避難民

 娘が今頃になって水を荷造りしているから理由を尋ねたら、被災地で保護された動物に与える水が不足しているらしいのだ。当然人間様には優先的に届いて、いざ行き渡ったら恐らくそれで終わったのだろう。水は500ccか1リットルかわからないが結構大きいダンボール箱に入れられていた。銘柄は見なかったが動物用ではなかったと思う。そもそも水に動物用があるのかどうかも知らないが、まさか支援の水をペットに分けていたりしたらひんしゅくを買うだろうから、かの地では隠れるようにして与えたか、動物に我慢を強いたかのどちらかだろう。今なら正々堂々と与えられると思う。  元々は犬嫌いの僕だったが、犬好きの妻や子供達のおかげで20年くらい犬と一緒に暮らしている。
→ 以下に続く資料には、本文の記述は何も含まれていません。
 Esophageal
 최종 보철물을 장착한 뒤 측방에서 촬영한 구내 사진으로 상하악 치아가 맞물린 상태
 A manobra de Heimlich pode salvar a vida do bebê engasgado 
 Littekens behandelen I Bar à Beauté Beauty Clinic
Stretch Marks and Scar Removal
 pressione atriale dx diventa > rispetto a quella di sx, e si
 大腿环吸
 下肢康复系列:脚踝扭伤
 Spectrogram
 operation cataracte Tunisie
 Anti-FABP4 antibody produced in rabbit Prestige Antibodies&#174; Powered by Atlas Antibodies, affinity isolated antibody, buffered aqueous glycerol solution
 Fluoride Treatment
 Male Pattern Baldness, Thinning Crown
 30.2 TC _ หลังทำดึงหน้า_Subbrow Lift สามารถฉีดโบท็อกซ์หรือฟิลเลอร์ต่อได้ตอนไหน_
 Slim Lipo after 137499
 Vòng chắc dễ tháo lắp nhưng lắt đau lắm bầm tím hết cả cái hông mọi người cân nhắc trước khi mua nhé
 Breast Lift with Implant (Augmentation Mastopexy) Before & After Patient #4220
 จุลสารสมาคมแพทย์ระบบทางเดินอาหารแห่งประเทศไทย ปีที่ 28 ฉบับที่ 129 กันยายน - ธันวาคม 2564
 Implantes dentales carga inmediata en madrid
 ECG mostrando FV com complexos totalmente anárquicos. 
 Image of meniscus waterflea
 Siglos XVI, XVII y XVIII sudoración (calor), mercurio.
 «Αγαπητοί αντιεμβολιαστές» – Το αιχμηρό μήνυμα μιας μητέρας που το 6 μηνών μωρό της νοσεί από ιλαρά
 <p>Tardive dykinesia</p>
嘗て愛犬家の行動を理解できなかったが、今はすべて理解できる。主を無くしては暮らしていけない忠誠心を飼い主は裏切ることは出来ない。いつまでも成長しないような幼子の眼差しで見つめられると、最善を尽くしてそれに応えようとするのは理屈ではない。母親が子供に注ぐ無上の愛と似ている。  報道される放置されたペットとの再会は涙を誘うが、多くの命が絶えたのだろう。人間の勝手で命を遮断される無念を思う。多くの命を将来に渡って奪うだろう会社の社長の報酬は日当が20万円なり。一月懸命に働いてその額に達しない国民は何百万人かいる。恨むことさえ出来ないなら置き去りにされた動物達と同じだ。もっと心の中を露出させたらいい。無上の愛はペットには届いても避難民には届かないのだから。